▶ **Action item**: Every line below between the line holding "My morning skincare" and the line holding "Aside from that, I", inclusive, should be repeated exactly, and all other lines omitted.

▶ **Dataset records**:
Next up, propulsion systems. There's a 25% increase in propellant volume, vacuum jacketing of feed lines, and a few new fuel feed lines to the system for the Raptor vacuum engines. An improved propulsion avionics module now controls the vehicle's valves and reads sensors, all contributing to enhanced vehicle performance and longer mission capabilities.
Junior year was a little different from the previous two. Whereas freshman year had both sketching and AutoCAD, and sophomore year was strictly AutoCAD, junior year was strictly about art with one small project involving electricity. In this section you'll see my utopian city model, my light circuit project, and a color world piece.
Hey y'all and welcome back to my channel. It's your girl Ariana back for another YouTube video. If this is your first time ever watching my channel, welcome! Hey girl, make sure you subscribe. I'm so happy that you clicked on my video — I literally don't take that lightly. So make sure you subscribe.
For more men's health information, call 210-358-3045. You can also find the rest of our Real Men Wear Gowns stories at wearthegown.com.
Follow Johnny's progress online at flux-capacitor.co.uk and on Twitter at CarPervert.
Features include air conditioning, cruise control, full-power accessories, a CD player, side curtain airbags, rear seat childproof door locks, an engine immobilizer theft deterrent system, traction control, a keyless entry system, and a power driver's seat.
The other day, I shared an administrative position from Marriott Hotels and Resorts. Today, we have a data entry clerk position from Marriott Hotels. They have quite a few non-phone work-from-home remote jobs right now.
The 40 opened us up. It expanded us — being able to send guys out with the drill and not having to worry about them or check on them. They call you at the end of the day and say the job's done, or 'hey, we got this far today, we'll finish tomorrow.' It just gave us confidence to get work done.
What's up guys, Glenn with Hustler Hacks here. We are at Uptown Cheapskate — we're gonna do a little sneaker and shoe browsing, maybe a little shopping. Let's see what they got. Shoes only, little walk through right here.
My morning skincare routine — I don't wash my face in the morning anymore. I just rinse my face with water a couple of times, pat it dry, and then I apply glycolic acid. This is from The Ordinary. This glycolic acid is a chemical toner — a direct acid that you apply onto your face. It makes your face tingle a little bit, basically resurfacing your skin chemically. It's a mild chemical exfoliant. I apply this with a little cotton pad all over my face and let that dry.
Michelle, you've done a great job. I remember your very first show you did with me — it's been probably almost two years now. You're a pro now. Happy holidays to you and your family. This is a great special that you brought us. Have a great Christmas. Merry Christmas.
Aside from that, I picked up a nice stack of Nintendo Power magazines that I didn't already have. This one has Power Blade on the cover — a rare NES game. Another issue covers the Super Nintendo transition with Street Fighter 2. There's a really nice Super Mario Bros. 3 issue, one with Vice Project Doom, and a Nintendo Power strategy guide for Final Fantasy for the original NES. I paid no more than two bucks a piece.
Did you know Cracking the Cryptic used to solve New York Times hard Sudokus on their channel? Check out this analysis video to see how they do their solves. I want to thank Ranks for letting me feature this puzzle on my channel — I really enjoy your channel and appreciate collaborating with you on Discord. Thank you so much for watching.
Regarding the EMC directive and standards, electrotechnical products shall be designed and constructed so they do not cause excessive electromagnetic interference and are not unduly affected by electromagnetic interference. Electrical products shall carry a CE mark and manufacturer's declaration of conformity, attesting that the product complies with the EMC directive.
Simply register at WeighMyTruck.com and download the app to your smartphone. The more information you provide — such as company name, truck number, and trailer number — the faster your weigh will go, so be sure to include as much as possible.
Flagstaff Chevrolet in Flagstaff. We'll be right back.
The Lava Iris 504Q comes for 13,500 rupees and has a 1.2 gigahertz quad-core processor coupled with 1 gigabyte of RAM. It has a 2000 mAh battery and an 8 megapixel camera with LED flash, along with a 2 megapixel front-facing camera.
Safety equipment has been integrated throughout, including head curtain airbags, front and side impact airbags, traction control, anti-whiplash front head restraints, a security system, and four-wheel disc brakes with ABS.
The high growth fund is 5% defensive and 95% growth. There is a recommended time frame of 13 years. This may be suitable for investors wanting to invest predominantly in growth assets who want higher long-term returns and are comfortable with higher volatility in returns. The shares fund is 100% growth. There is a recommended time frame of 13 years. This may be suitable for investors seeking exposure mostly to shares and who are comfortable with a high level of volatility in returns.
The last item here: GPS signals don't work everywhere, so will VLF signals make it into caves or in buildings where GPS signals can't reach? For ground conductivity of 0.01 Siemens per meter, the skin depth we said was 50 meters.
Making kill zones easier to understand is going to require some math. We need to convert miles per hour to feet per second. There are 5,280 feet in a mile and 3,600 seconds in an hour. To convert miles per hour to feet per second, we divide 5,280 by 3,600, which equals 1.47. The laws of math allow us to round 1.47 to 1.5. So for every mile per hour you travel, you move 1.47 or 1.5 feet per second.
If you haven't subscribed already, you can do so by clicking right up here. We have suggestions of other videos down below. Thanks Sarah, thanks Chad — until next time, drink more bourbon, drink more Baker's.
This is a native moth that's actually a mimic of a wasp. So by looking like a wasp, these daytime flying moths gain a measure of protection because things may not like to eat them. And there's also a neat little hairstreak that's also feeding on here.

▶ **Response area**:
My morning skincare routine — I don't wash my face in the morning anymore. I just rinse my face with water a couple of times, pat it dry, and then I apply glycolic acid. This is from The Ordinary. This glycolic acid is a chemical toner — a direct acid that you apply onto your face. It makes your face tingle a little bit, basically resurfacing your skin chemically. It's a mild chemical exfoliant. I apply this with a little cotton pad all over my face and let that dry.
Michelle, you've done a great job. I remember your very first show you did with me — it's been probably almost two years now. You're a pro now. Happy holidays to you and your family. This is a great special that you brought us. Have a great Christmas. Merry Christmas.
Aside from that, I picked up a nice stack of Nintendo Power magazines that I didn't already have. This one has Power Blade on the cover — a rare NES game. Another issue covers the Super Nintendo transition with Street Fighter 2. There's a really nice Super Mario Bros. 3 issue, one with Vice Project Doom, and a Nintendo Power strategy guide for Final Fantasy for the original NES. I paid no more than two bucks a piece.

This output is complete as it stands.